Student college loan default rates have nearly doubled in recent years. The three-year default rate exceeds 13 percent nationally. Tracking and reporting default rates is a crucial means of monitoring how well higher education dollars are spent. Yet, the way default data is gathered, measured, and reported by the federal government clouds institutional accountability. Limitations in the data—from not including which types of students are more likely to default on their loans to which majors have more defaults—make it even more difficult for prospective students and their parents to make the best decisions about college loans.
In Debt and In the Dark: It’s Time for Better Information on Student Loan Defaults by Education Sector Research Director Andrew Gillen examines default rates at American colleges and demonstrates how using input-adjusted rates can indicate if schools are doing better—or worse—than expected in preparing their students for success.

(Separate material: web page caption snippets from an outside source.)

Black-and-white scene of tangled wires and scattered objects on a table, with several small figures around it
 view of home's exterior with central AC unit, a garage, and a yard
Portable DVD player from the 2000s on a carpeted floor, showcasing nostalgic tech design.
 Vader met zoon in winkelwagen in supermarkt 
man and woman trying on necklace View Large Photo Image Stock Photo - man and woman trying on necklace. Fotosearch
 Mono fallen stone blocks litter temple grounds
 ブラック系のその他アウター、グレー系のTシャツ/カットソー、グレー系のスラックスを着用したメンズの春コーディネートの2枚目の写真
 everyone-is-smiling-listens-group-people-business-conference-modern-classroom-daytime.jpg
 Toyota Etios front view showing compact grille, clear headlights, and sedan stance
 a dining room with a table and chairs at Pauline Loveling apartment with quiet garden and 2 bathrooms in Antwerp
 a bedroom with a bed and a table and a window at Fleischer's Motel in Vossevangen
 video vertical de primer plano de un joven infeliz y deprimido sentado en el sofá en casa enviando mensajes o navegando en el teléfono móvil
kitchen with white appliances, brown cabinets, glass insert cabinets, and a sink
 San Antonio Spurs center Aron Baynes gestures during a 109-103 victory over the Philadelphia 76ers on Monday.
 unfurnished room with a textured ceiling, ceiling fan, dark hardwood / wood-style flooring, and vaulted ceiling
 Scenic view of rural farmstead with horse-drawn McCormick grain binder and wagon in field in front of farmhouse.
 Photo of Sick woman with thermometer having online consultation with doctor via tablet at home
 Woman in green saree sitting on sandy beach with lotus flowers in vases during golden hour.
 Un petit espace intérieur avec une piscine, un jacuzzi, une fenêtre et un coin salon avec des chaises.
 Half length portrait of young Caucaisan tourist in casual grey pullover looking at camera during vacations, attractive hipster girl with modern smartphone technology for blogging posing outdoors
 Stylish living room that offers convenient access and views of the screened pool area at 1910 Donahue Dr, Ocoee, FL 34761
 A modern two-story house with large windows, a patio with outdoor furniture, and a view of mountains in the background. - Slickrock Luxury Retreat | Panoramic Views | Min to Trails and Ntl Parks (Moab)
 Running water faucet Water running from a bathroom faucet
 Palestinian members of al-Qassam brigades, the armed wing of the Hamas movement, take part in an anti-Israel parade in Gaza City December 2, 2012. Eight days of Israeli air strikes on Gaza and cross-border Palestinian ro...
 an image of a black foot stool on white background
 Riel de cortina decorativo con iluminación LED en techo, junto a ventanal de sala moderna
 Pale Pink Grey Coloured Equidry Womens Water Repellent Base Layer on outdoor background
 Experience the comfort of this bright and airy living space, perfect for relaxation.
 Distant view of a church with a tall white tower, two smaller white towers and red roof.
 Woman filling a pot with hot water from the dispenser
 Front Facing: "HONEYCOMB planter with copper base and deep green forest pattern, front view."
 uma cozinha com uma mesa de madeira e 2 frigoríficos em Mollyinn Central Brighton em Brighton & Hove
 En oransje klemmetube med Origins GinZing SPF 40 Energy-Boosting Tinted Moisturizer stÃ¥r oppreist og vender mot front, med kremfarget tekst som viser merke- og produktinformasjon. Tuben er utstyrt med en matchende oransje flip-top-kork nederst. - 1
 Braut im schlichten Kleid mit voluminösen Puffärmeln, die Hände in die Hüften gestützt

By combining federal data from the Integrated Postsecondary Education Data System (IPEDS) and the Student Financial Aid database, Gillen illustrates through a series of charts, how adjusting for just two risk factors affects the range of default rates among colleges with similar students and provides a fuller picture of how well certain schools are preparing students for life after college. Gillen also finds that pairing a school’s default rate with its graduation rate gives an even clearer understanding of college outcomes. These changes would be an immediate improvement to an existing higher education accountability system.
“Given the importance of defaults, and the recent jump in their numbers,” argues Gillen, “it makes sense for the government to provide more detailed information on defaults, not just as an accountability lever but as a basic consumer right.”